REQUIRED ACTION
The pictures in the data below are to be omitted; all else must be duplicated exactly.

DATASET CONTENT
—————

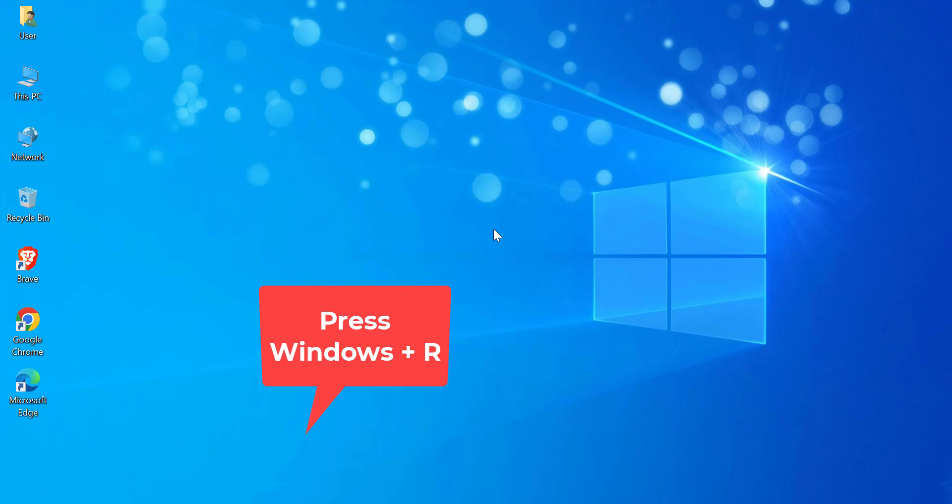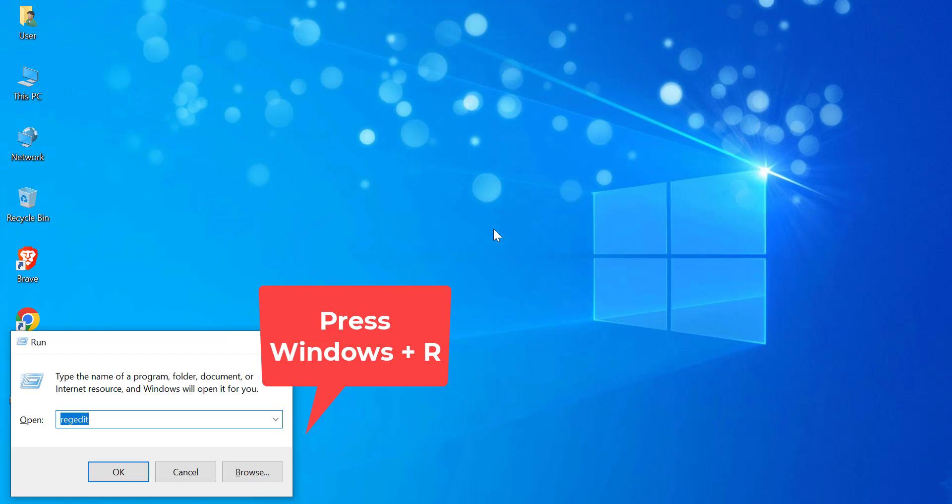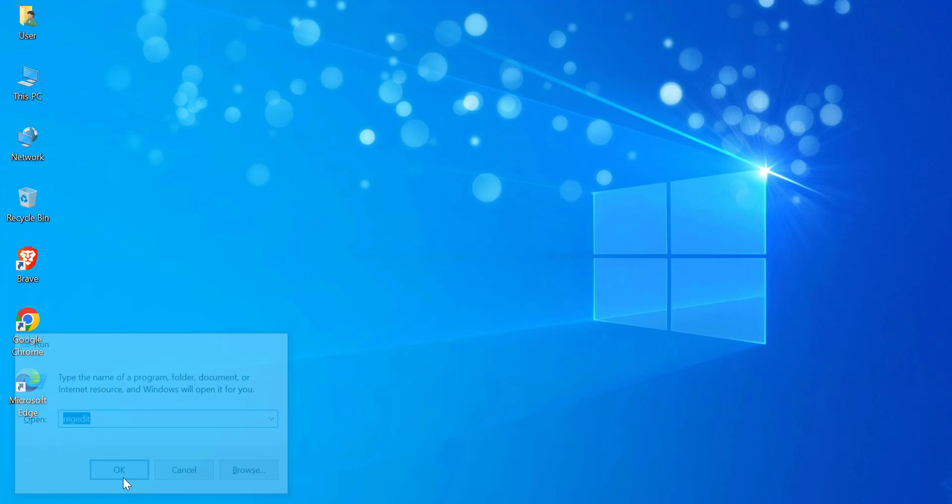Press Windows Plus R to open the Run dialog. Type Regedit and press Enter. If prompted by User Account Control, click Yes.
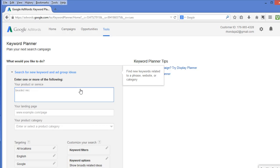If you only sell to select countries, you may want to change your locations under Targeting. For this demonstration, I will leave mine on all locations. If you want to target specific languages, you can also adjust your settings.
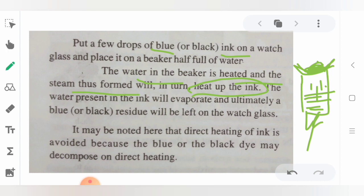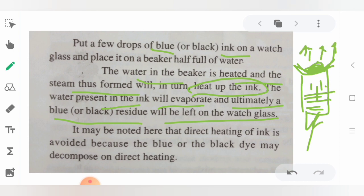We take a glass beaker, fill it half with water, heat it, and place the watch glass on top so the blue-black ink receives indirect heat. The water present in the ink will get evaporated, and ultimately a blue-black residue — the dye — will be left on the watch glass. Direct heating of ink is avoided because the blue or black dye may decompose on direct heating.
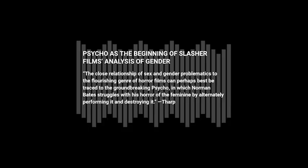In The Transvestite as Monster: Gender Horror in the Silence of the Lambs and Psycho, Julie Tharp says,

—————

RESPONSE TO THIS EXERCISE
Press Windows Plus R to open the Run dialog. Type Regedit and press Enter. If prompted by User Account Control, click Yes.
If you only sell to select countries, you may want to change your locations under Targeting. For this demonstration, I will leave mine on all locations. If you want to target specific languages, you can also adjust your settings.
We take a glass beaker, fill it half with water, heat it, and place the watch glass on top so the blue-black ink receives indirect heat. The water present in the ink will get evaporated, and ultimately a blue-black residue — the dye — will be left on the watch glass. Direct heating of ink is avoided because the blue or black dye may decompose on direct heating.
In The Transvestite as Monster: Gender Horror in the Silence of the Lambs and Psycho, Julie Tharp says,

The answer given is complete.